Data
-----
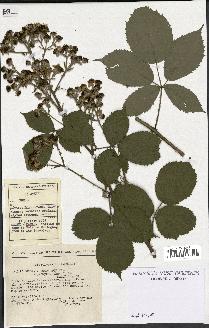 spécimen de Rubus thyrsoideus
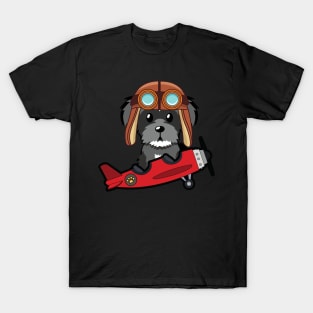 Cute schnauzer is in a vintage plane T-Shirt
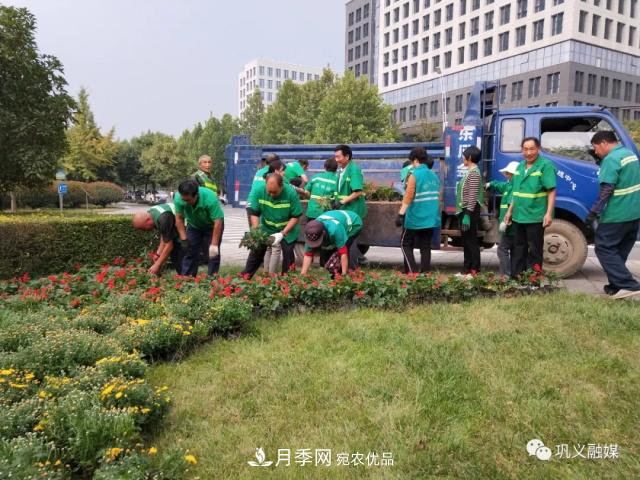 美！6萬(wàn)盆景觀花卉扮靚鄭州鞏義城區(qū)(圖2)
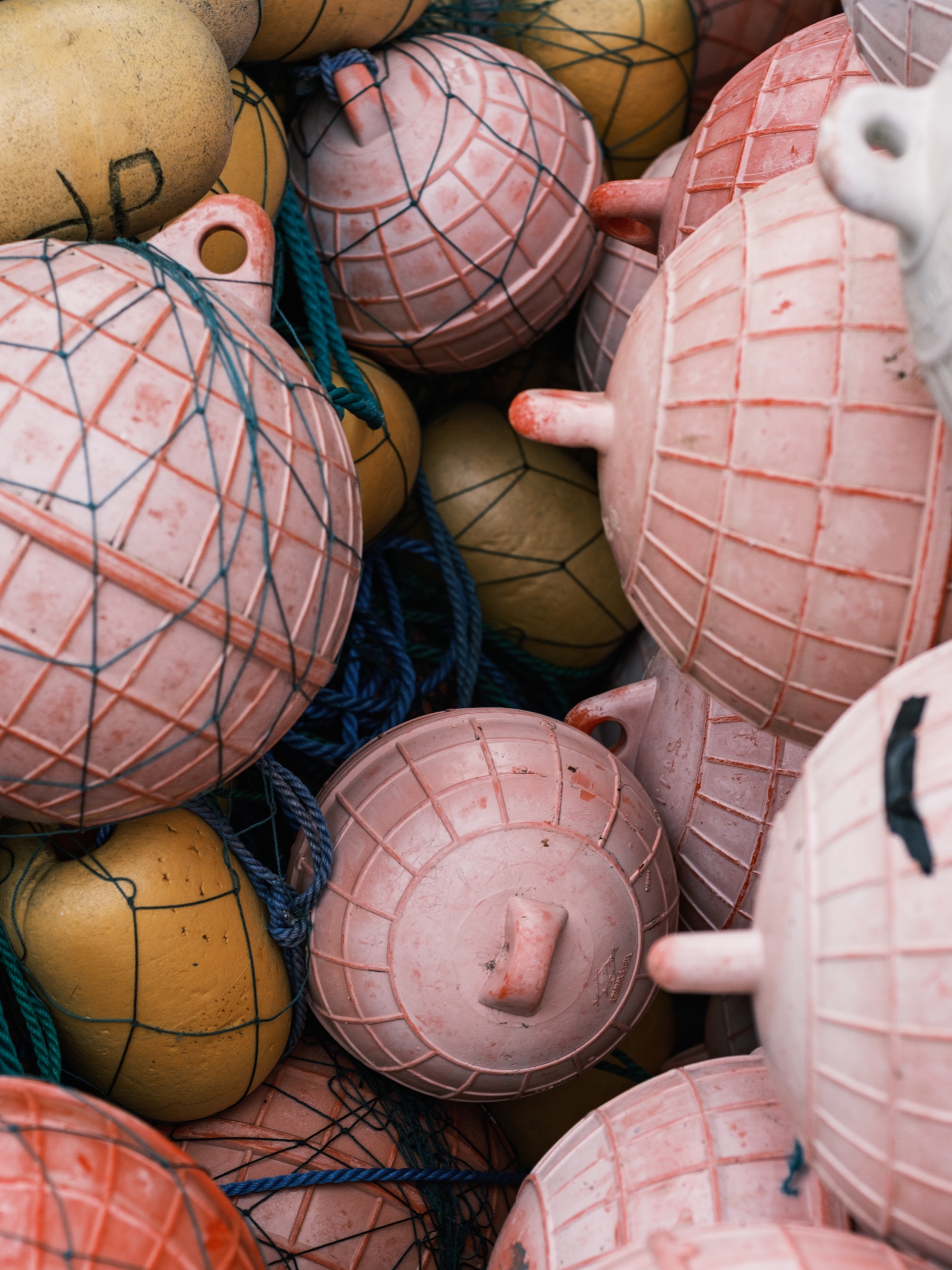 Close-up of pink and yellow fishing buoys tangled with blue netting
-----
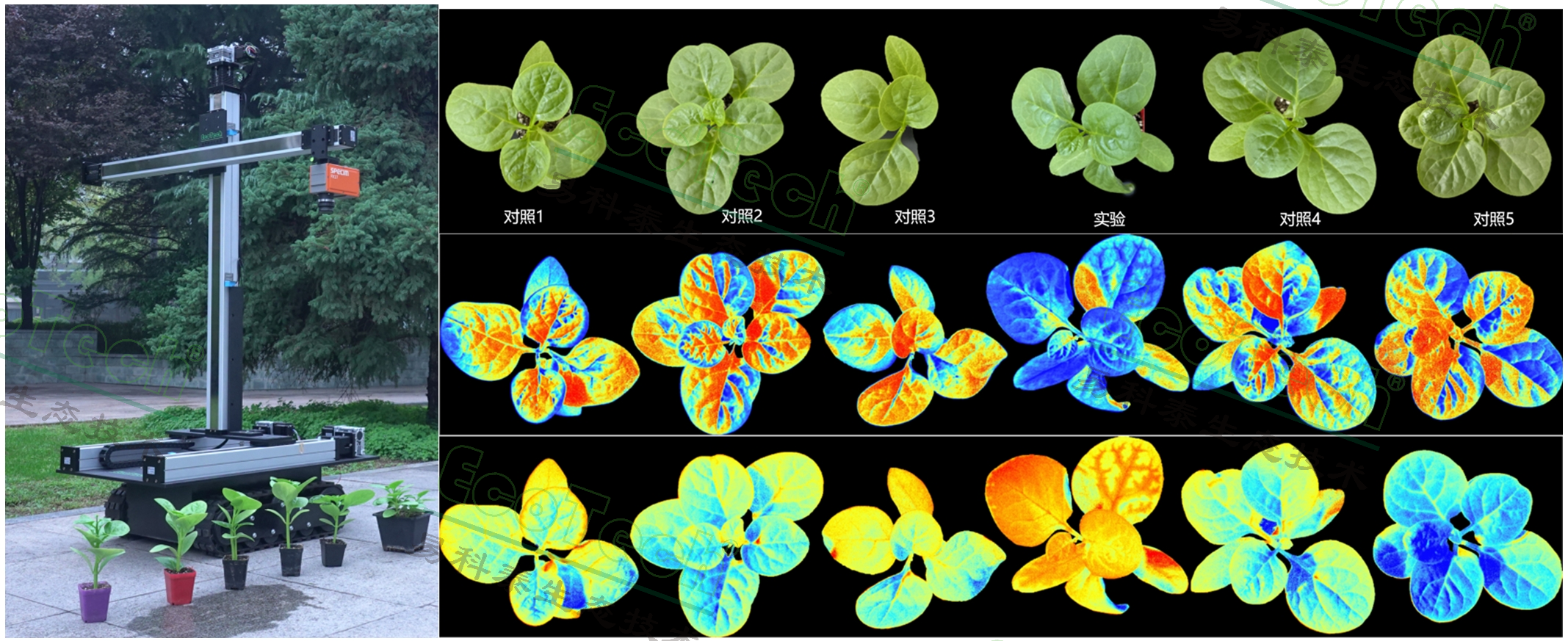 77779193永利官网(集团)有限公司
-----
How to complete this task
Copy word for word the lines above, starting at the line containing "spécimen de Rubus thyrsoideus" and ending at the line containing "Close-up of pink", inclusive, with no pictures.

Result of the task
 spécimen de Rubus thyrsoideus
 Cute schnauzer is in a vintage plane T-Shirt
 美！6萬(wàn)盆景觀花卉扮靚鄭州鞏義城區(qū)(圖2)
 Close-up of pink and yellow fishing buoys tangled with blue netting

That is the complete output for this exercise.